In that case, why are we yawning when the missiles are on the way? Why are we so apathetic? It's possible that very quietly, with a sudden flash of illumination of unknown origin, we have started to doubt the existence of the "Iranian threat." Perhaps we have come to understand that this is a case of the famous "hold me back" tactic from the elementary school playground, when two kids are fighting and waiting for someone to come from the teachers' room and rescue them from their threats to kill one another.

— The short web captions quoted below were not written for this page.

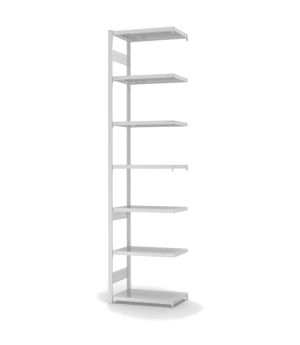 Fachbodenregal Anbauregal ORION PLUS, 3.000×750×400 mm, lichtgrau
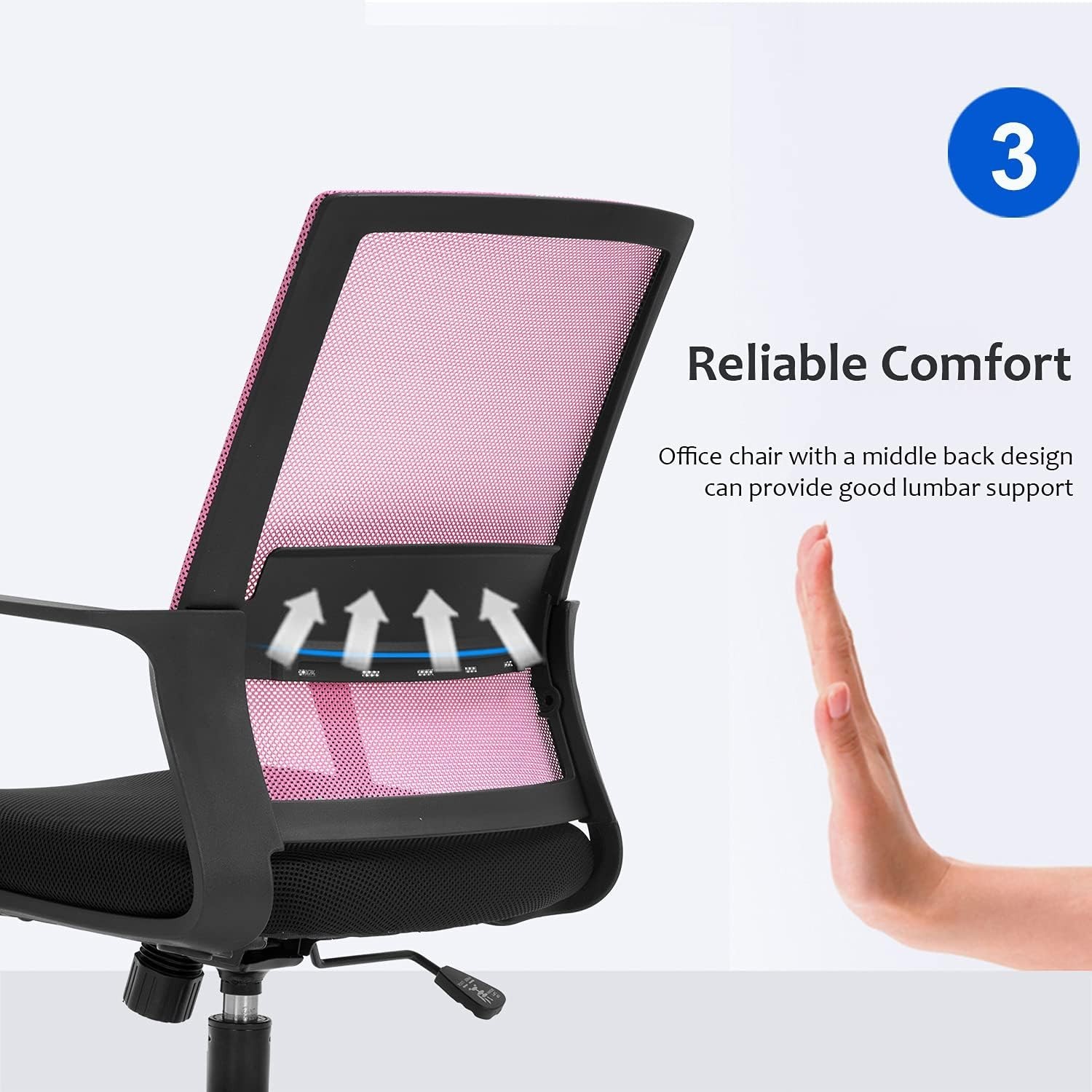 Versatile Pink Task Chair with Lumbar Support - Perfect for Home or Office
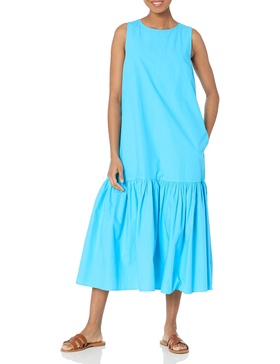 The Drop Women's Ilana Loose Sleeveless Wide-Hem Poplin Maxi Dress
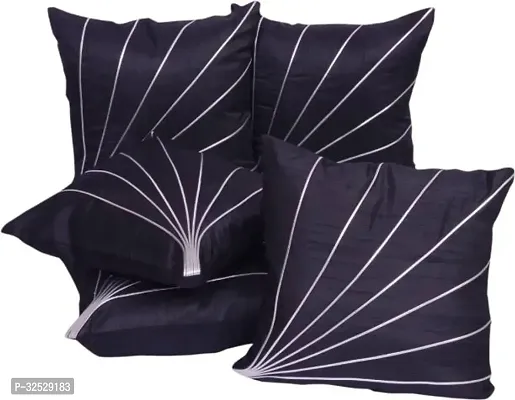 Fazar Creations Dupion Silk Cushions Cover (Pack of 5 40 cm*40 cm Black)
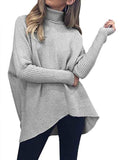Women's Turtleneck Jumper Solid Oversized Ribbed Asymmetrical Hem Sweater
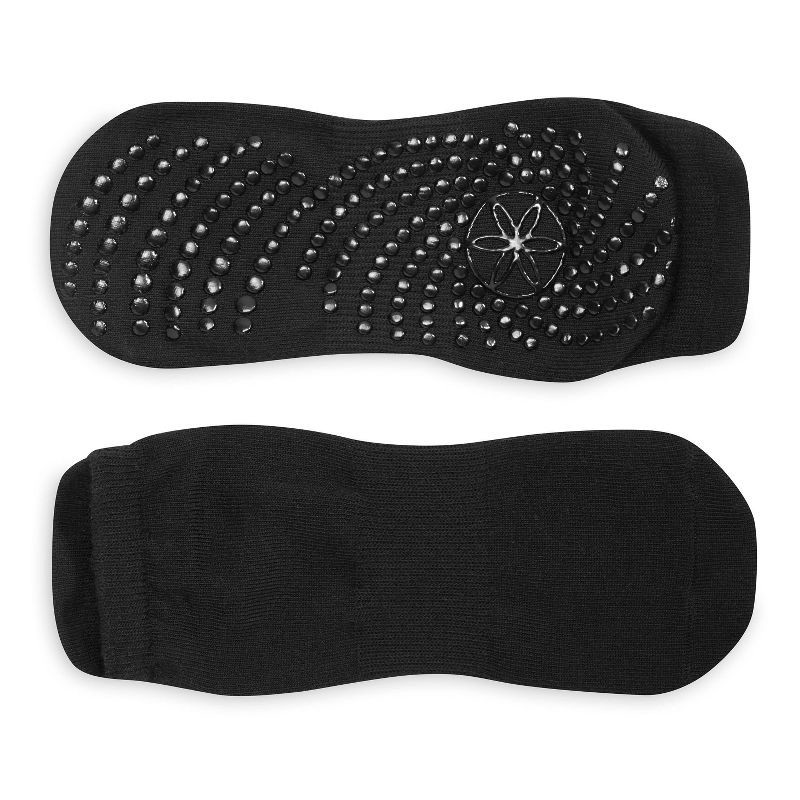 slide 2 of 3, Gaiam Gripppy Fit Athletic Socks 2pk - Black, 2 ct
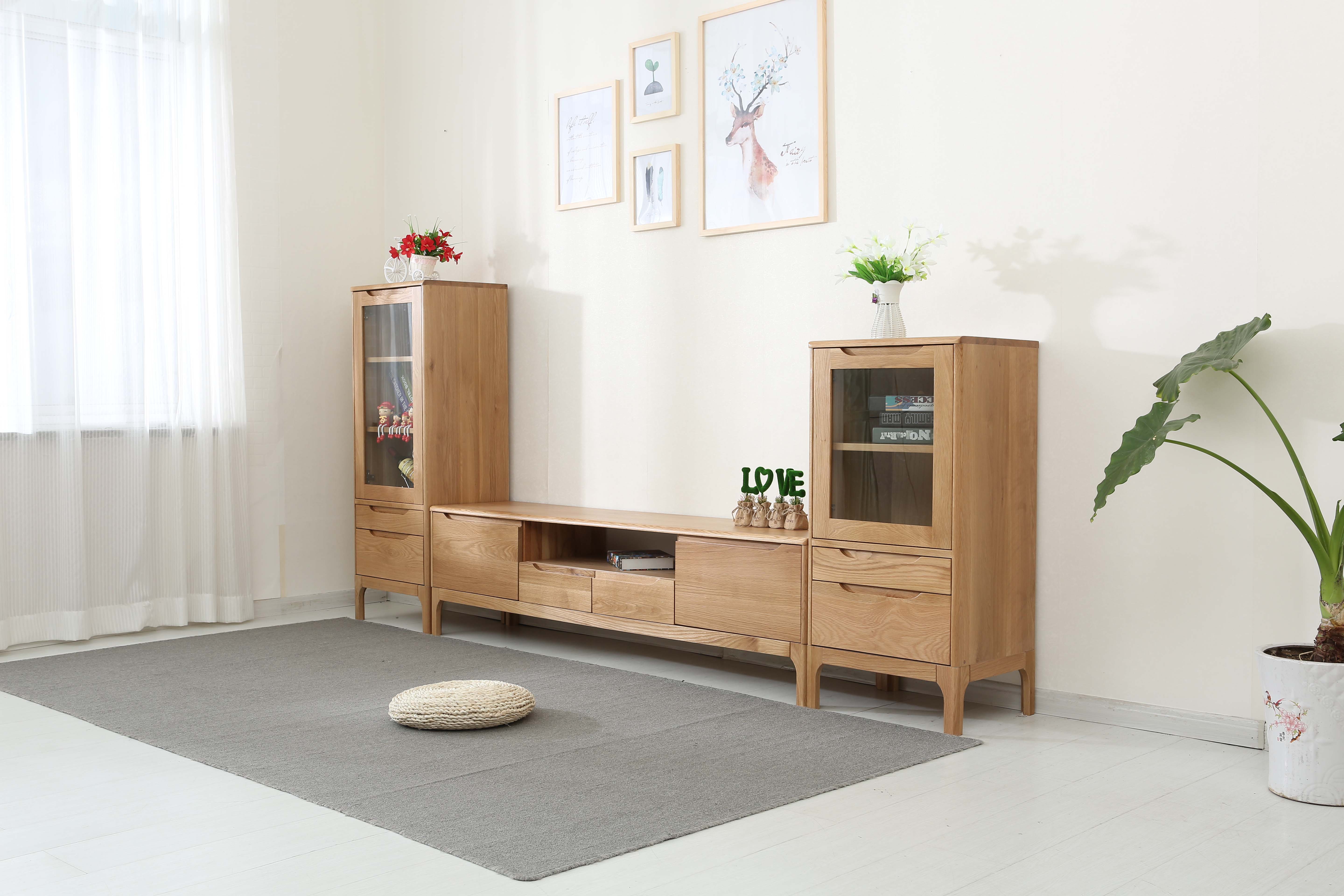 北美白橡木半岛茶机和半岛电视柜一套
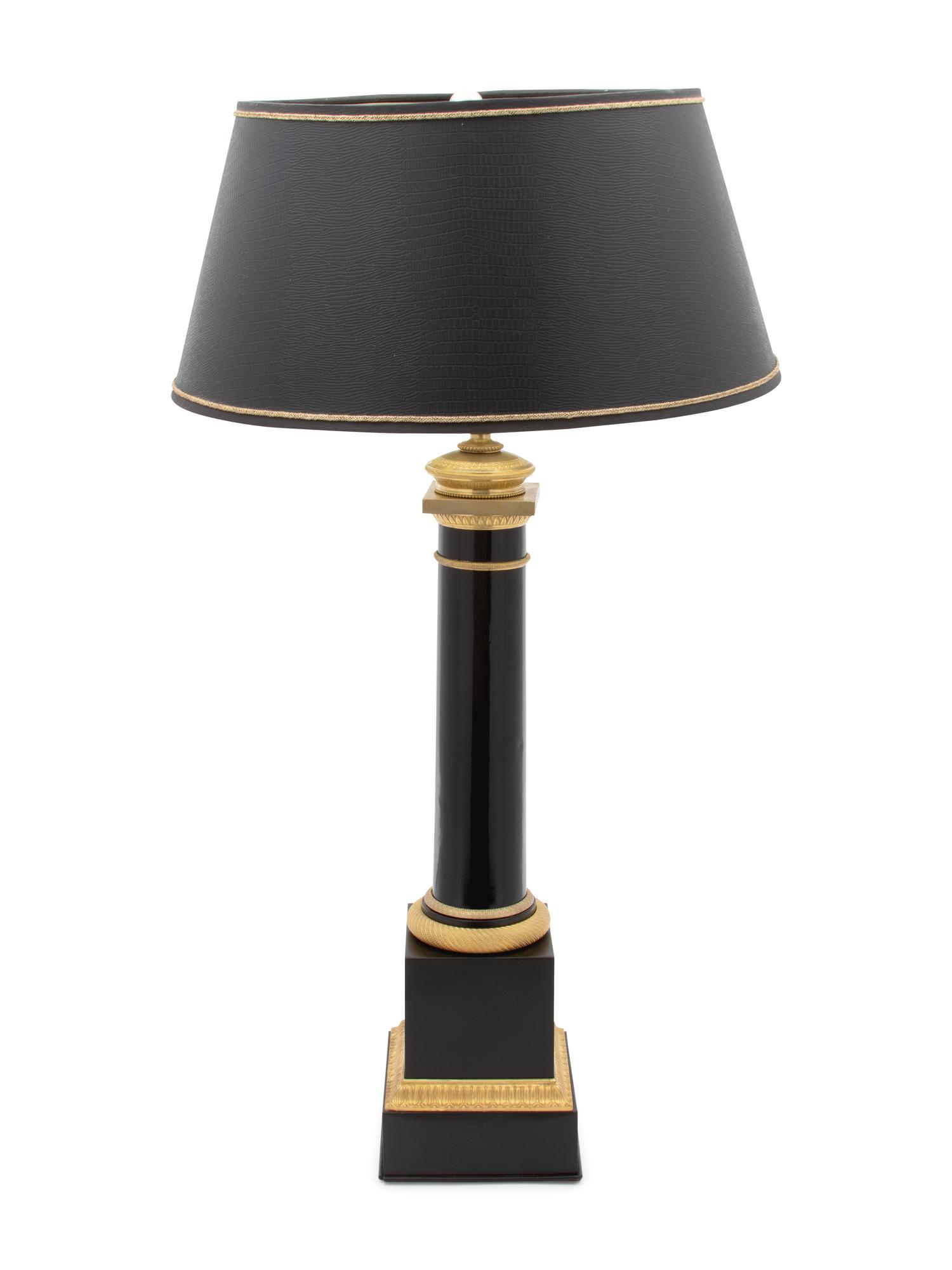 An Empire Style Gilt Metal Mounted Ebonized Columnar Table Lamp — 20TH CENTURY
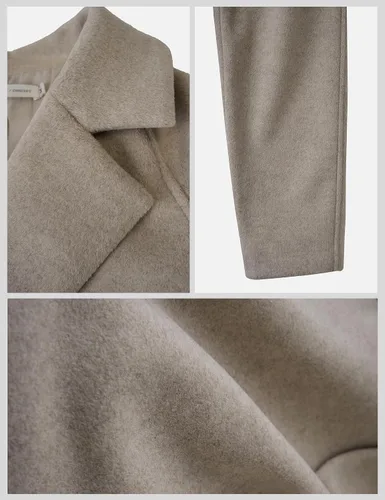 Vista 3 de Abrigo largo básico en forma de H con solapa casual para mujer de invierno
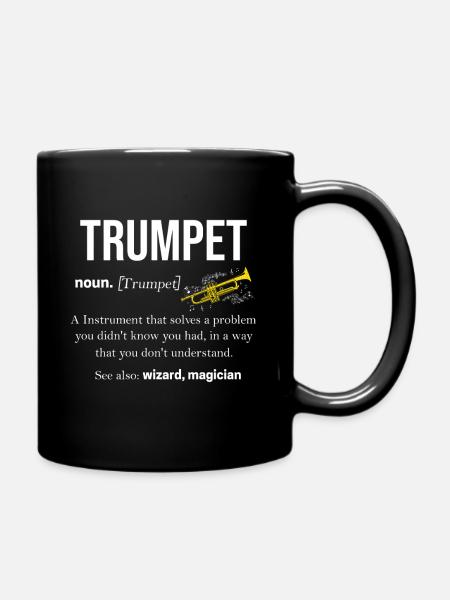 Trompete Musikinstrument Fasnacht Blasmusik Musik - Tasse einfarbig - Schwarz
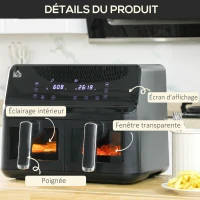 HOMCOM Friteuse à air sans huile Air Fryer double compartiment 8L 2500 W 8 programmes écran température réglable minuterie noir(m-7)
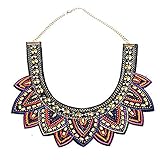 Fabric Colorful Bohemian Acrylic Beads Choker Statement Collar Necklace Colorful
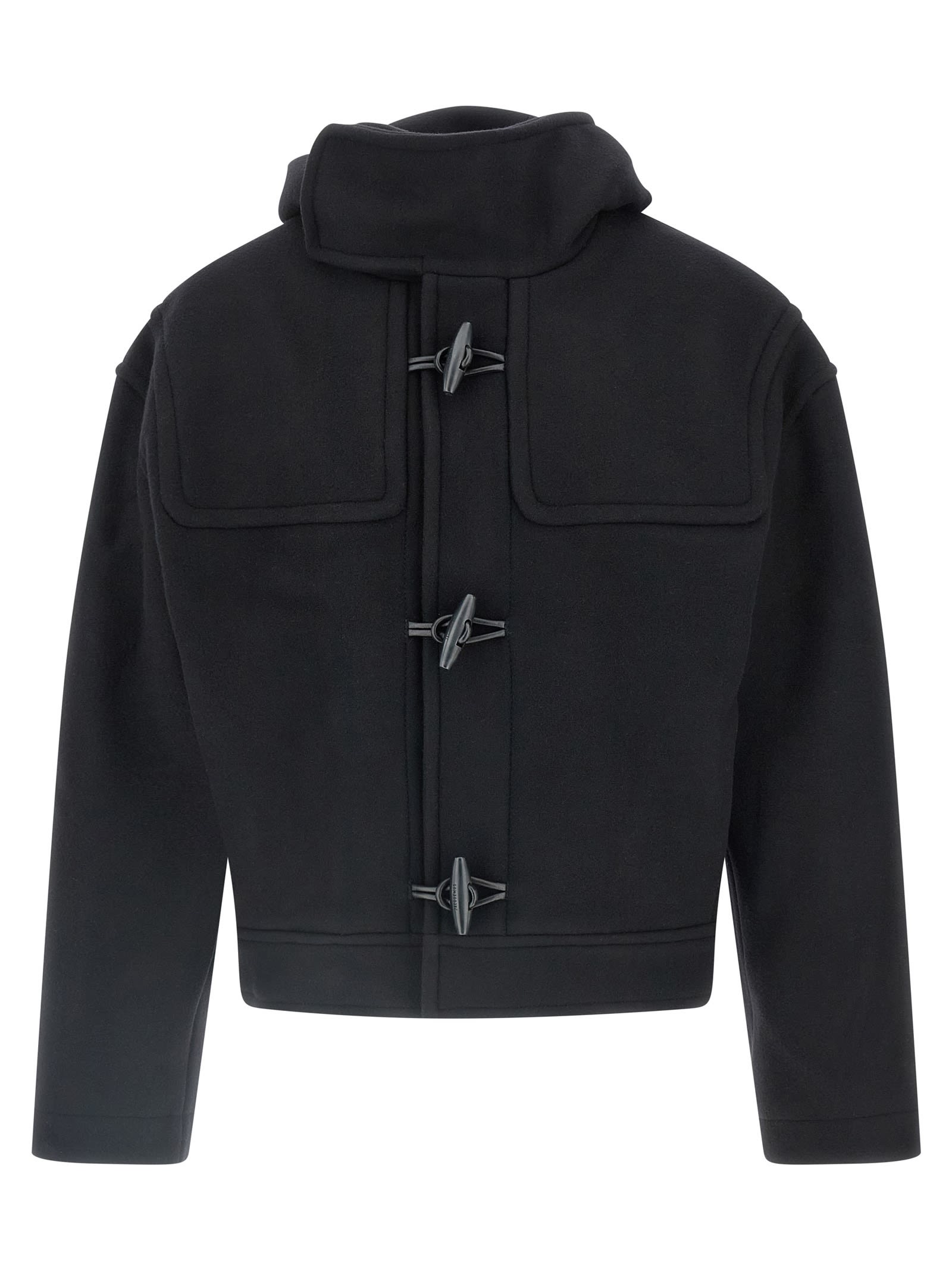 Jacquemus Cabana Duffle Coat With Hood And Long Sleeves In Black
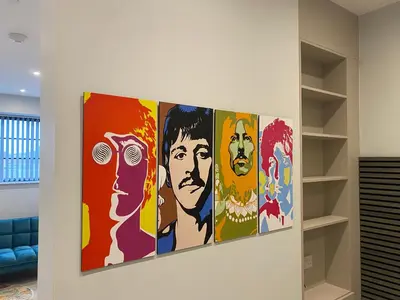 a painting on a wall in a room at Kempston Suites Liverpool Apartment 8 in Liverpool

Now we understand that the chances that their missiles will land on us are like the chances that ours will land on them - in other words, a minuscule chance - and that we're extras in a dialogue of the deaf. And, there's another, really hair-raising possibility: That it's not only the Iranian nuke that is endangering world peace but also our domination in the territories, which is likely to serve as an excuse to use the bomb.

Historian Benny Morris wrote in Haaretz that the choice we face is to live in constant fear of Iran or to attack it. He didn't write that it is also Iran's choice, that maybe it should attack us rather than living in constant fear of an insane nuclear power.